Defender of the Truth
Hello. I am looking for people who speak the following languages: Konkani, Marathi, Gujarati, Oriya, Punjabi, Romanian, Tamil, Malayalam, Telugu, Kannada, Japanese, Bodo, Inuit, Basque, Hawaiian, Chinese, Icelandic, Portuguese, Bengali, Urdu, Arabic, Armenian, Swahili, Tulu, Thai, Malay, Vietnamese, Tagalog, Navajo, Danish, Norwegian, Finnish, Swedish, Turkish, Dutch, German, Italian, Russian, Indonesian, Amharic, Serbian, Kurdish, Assamese, Lakota, Burushaski, Esperanto, Korean, Farsi, Hindi, Nepali, Dogri, Hebrew, Albanian, Kashmiri, Latin, Greek, and Sanskrit.
 

Koldo

Outstanding Member
Hello. I am looking for people who speak the following languages: Konkani, Marathi, Gujarati, Oriya, Punjabi, Romanian, Tamil, Malayalam, Telugu, Kannada, Japanese, Bodo, Inuit, Basque, Hawaiian, Chinese, Icelandic, Portuguese, Bengali, Urdu, Arabic, Armenian, Swahili, Tulu, Thai, Malay, Vietnamese, Tagalog, Navajo, Danish, Norwegian, Finnish, Swedish, Turkish, Dutch, German, Italian, Russian, Indonesian, Amharic, Serbian, Kurdish, Assamese, Lakota, Burushaski, Esperanto, Korean, Farsi, Hindi, Nepali, Dogri, Hebrew, Albanian, Kashmiri, Latin, Greek, and Sanskrit.

What a long list....
What is this about?
 

Valjean

Veteran Member
Premium Member
LOL -- Several in your list are mutually intelligible, a couple the same language, and one of them is two + different languages.
 

Levite

Higher and Higher
Hello. I am looking for people who speak the following languages: Konkani, Marathi, Gujarati, Oriya, Punjabi, Romanian, Tamil, Malayalam, Telugu, Kannada, Japanese, Bodo, Inuit, Basque, Hawaiian, Chinese, Icelandic, Portuguese, Bengali, Urdu, Arabic, Armenian, Swahili, Tulu, Thai, Malay, Vietnamese, Tagalog, Navajo, Danish, Norwegian, Finnish, Swedish, Turkish, Dutch, German, Italian, Russian, Indonesian, Amharic, Serbian, Kurdish, Assamese, Lakota, Burushaski, Esperanto, Korean, Farsi, Hindi, Nepali, Dogri, Hebrew, Albanian, Kashmiri, Latin, Greek, and Sanskrit.
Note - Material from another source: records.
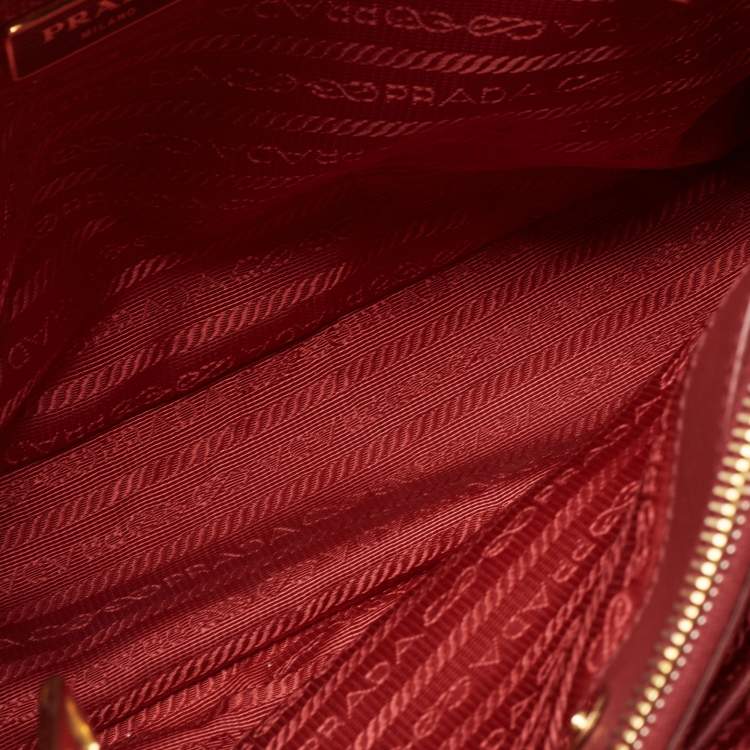 Pre Owned Prada Red Leather Medium Galleria Tote Bag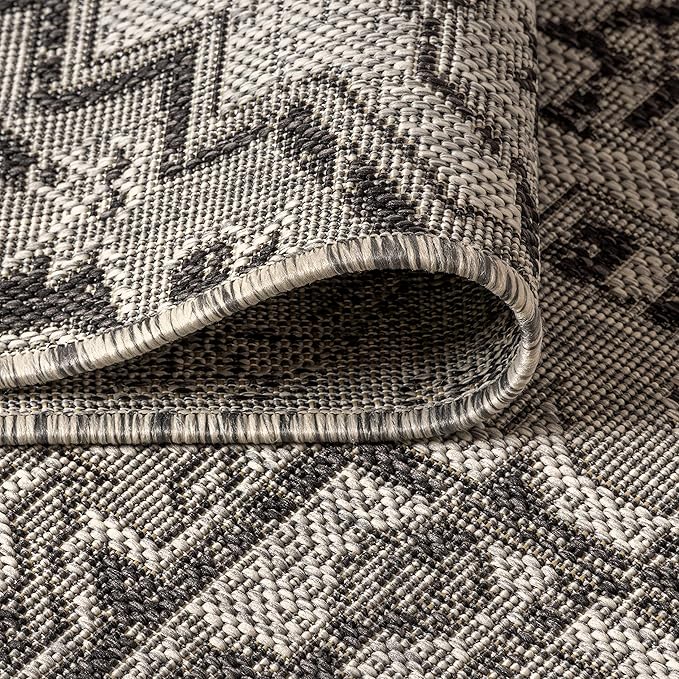 JONATHAN Y SMB105D-210 Estrella Bohemian Medallion Textured Weave Indoor Outdoor Runner Rug Coastal Bohemian Rustic Glam Easy-Cleaning Bedroom Kitchen Backyard Patio Non Shedding, 2 X 10, Black/Gray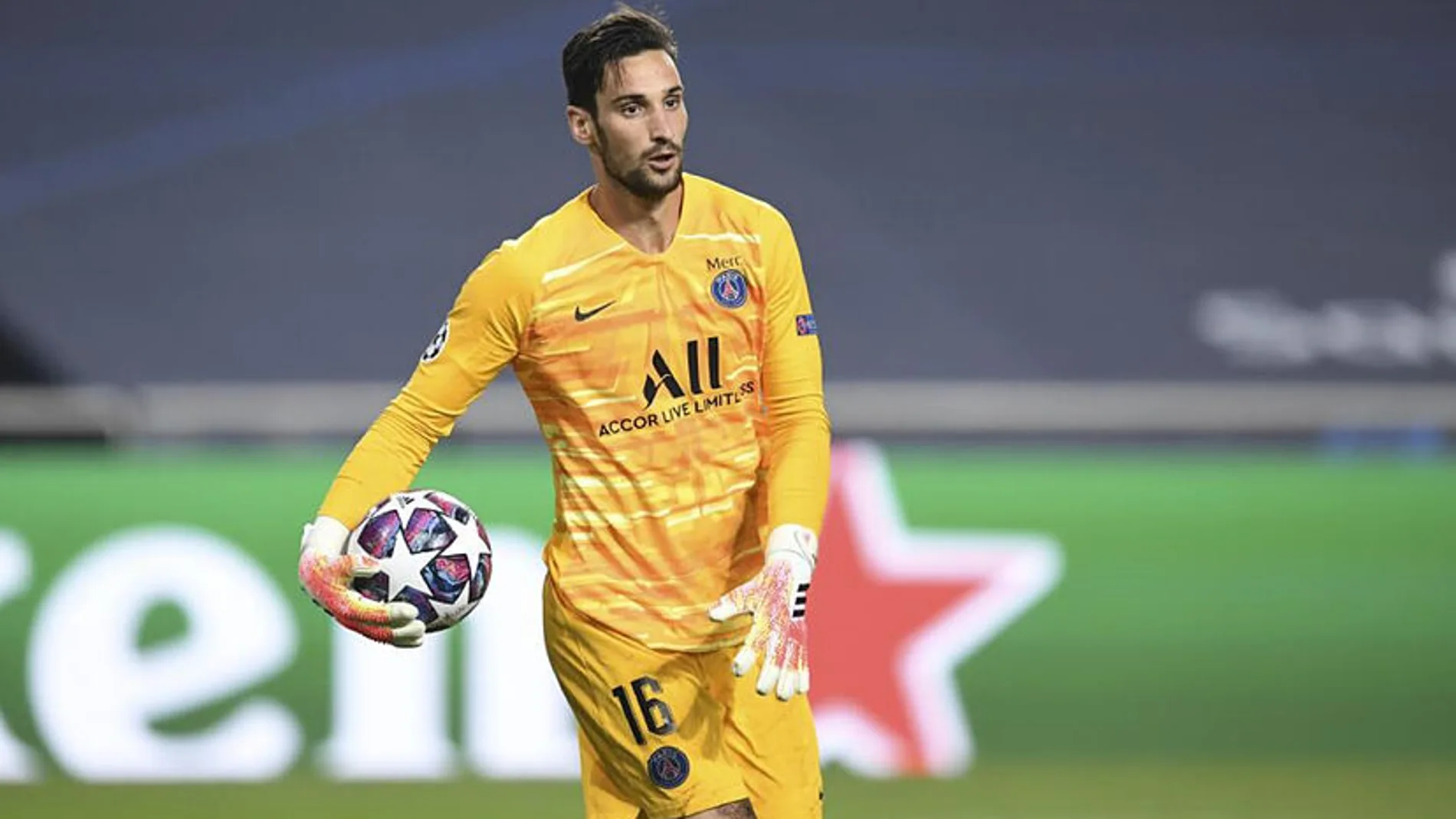 El portero Sergio Rico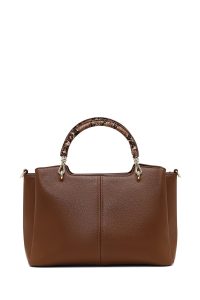 کیف زنانه قهوه‌ای بلند با اکسسوری دری مد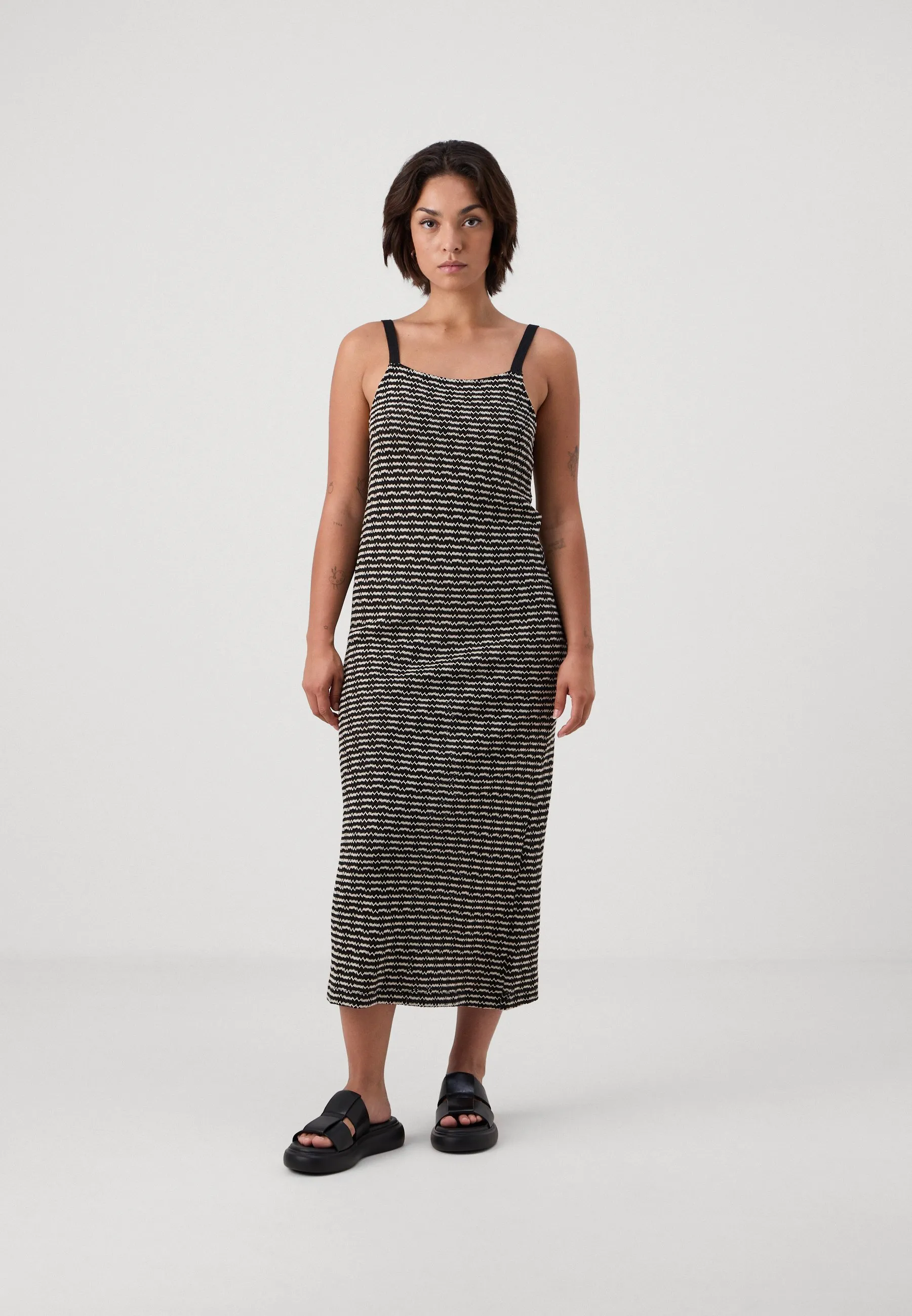 ONLTOVE DRESS - Abito in maglia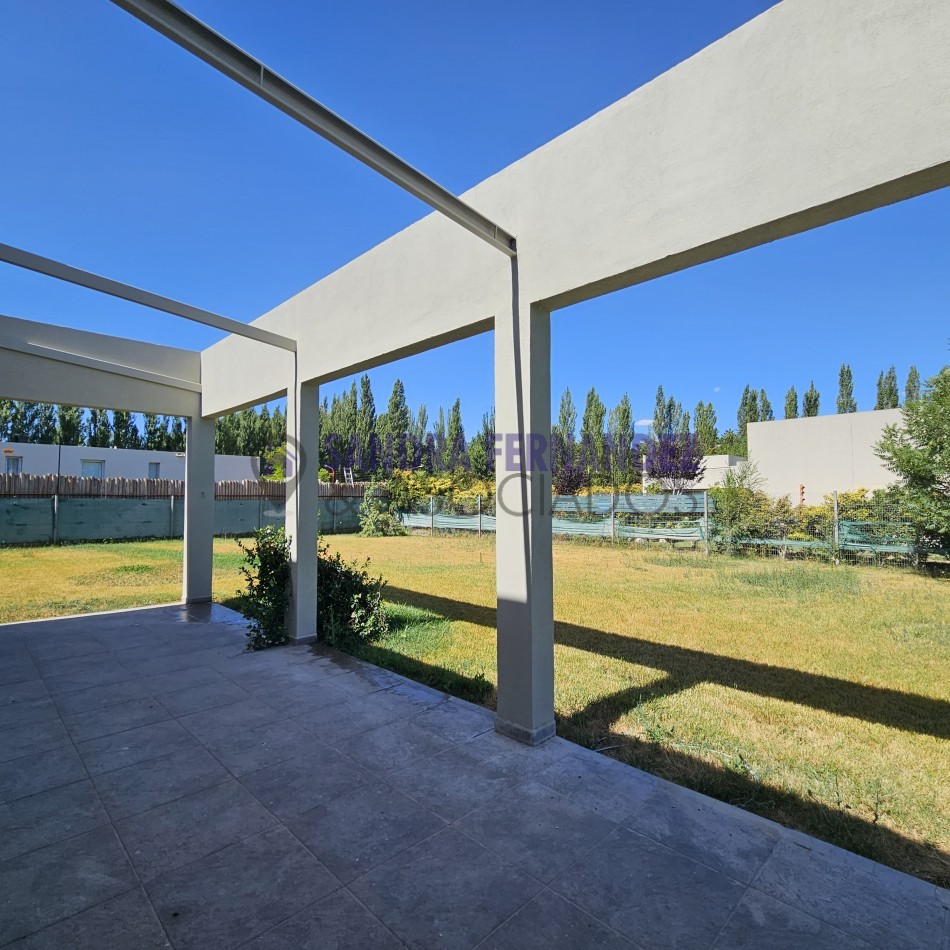 Rio Negro Cipolletti Barrio Manzanar Kossman. Casa en una sola planta diseño minimalista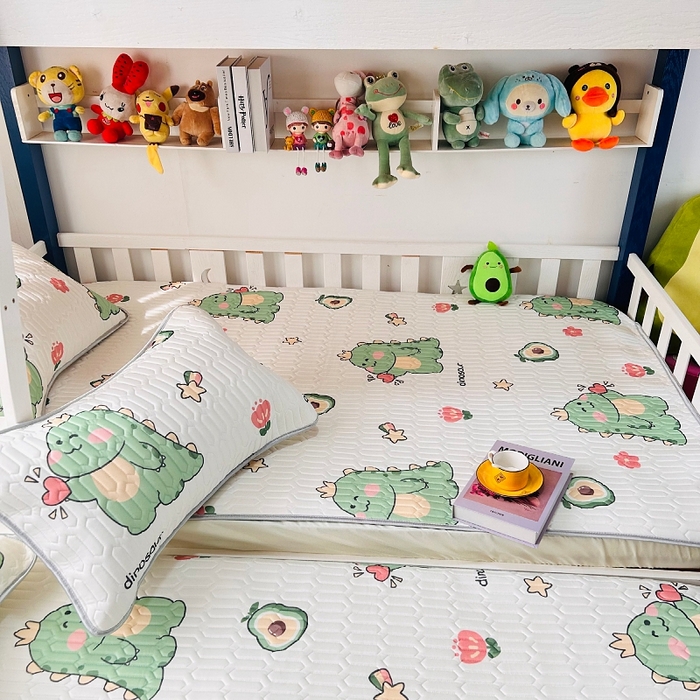 91家纺网 家纺一手货源 找家纺 小虾米 2024新款上下床乳胶凉席床笠款印花凉席三件套 趣味恐龙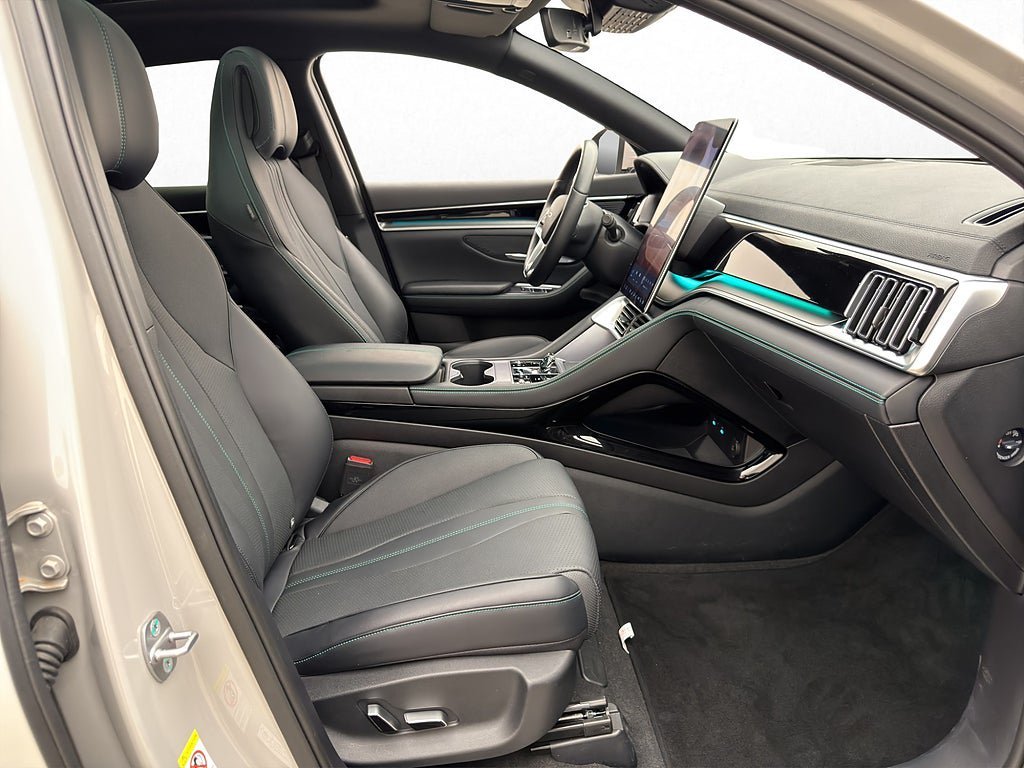Vehicle Image 32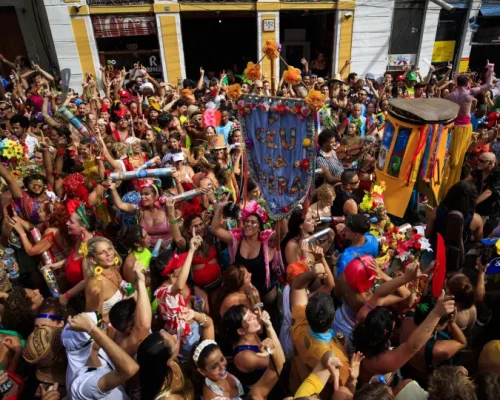 Carnaval 2024: Rio de Janeiro espera 6,8 milhões de foliões em blocos de rua com programação intensa até o fim da noite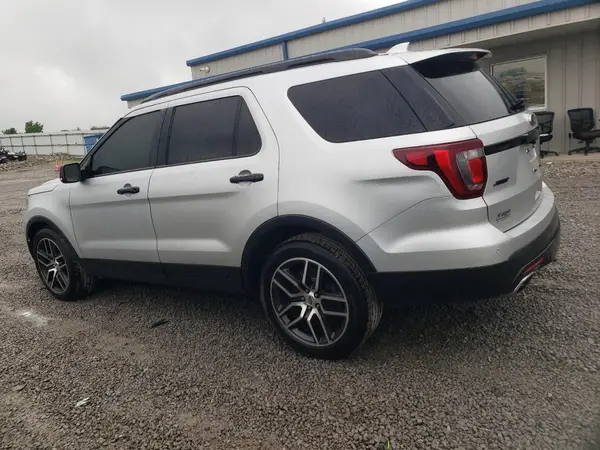 1FM5K8GT1GGB91097 2016 FORD EXPLORER - Image 2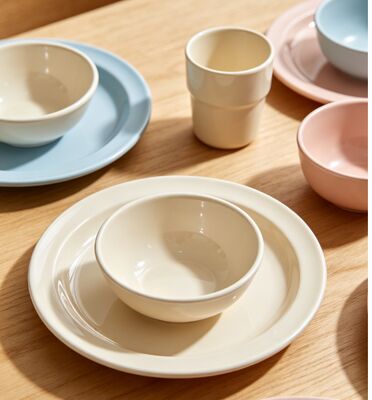 Goede prijs. Niet-toxisch milieuvriendelijk A5 melamine vormverbinding, 99,8% hoog zuiverheid hittebestendig poeder, hoge hardheid slijtvast grondstof voor restaurant dagelijks melamine eetgerei maken online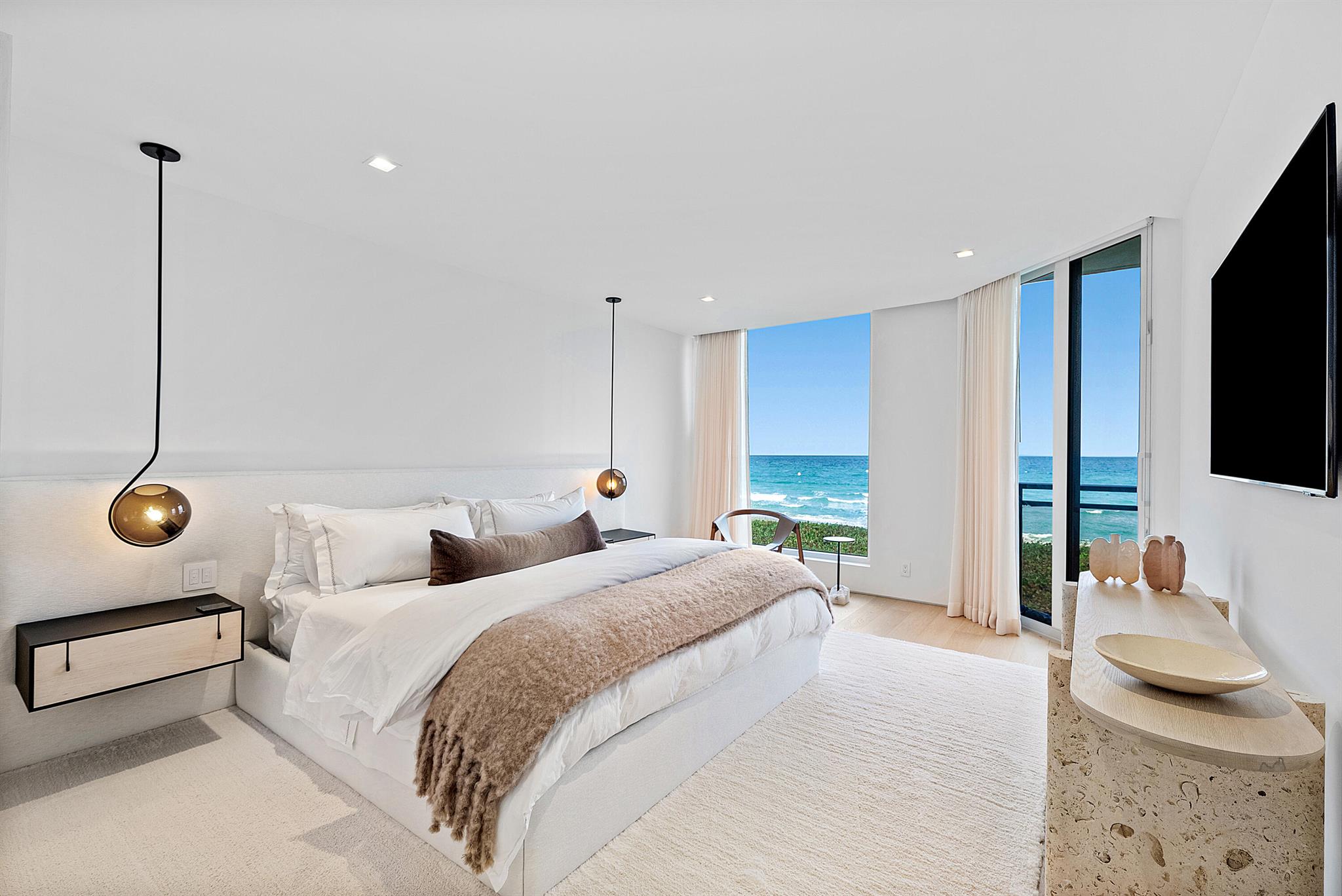 PALM BEACH HAMPTON CONDO - Residential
Whoa, dude. You want to learn all of those languages?! You must have a lot of time and money on your hands.

I took Hebrew classes from a young age, but still only achieved real fluency after taking advanced grammar and literature courses in rabbinical school, and living in Israel for a year. Aramaic was easier to pick up, but only because I was alreay nearly fluent in Hebrew, and Aramaic uses the same alphabet and is a close sister language.

Similarly, I taught myself Middle English and Anglo-Saxon, just by picking up a couple of grammars and a lot of literature, and piecing it together over the course of a year or so. But of course, I already knew English in its modern and its Elizabethan forms, and I had some Latin, and a bit of Yiddish (which is at least half Middle High German), which made it much easier going.

Latin, which I only have imperfect knowledge of, was much harder. Years of courses, reading grammars and literature, and I thought it quite complicated. I sometimes think about polishing it up, and maybe picking up some Greek, too. But I can't imagine being able to learn more than just a couple more languages.....
 

Bismillah

Submit
Some of these would complement each other within the categories they fall i.e the Semitic languages or the Indo-European languages. However, to learn all of these languages to the degree of fluency would be impossible and insensible (in my opinion) unless taken as a full time job.
 

Valjean

Veteran Member
Premium Member
Some of these would complement each other within the categories they fall i.e the Semitic languages or the Indo-European languages. However, to learn all of these languages to the degree of fluency would be impossible and insensible (in my opinion) unless taken as a full time job.
It goes further than that. Some, Hindi and Urdu for example, are pretty much the same language, while Cantonese and Mandarin are quite different 'Chineses'.
 

Bismillah

Submit
Yup I pretty much tack on both Hindi and Urdu to my resume wherever I apply :) And once you learn them understanding Punjubi is not much of a stretch at all.

Though just as a general guide book he should at least try to compartmentalize the languages i.e the roman languages the Semitic languages etc. etc.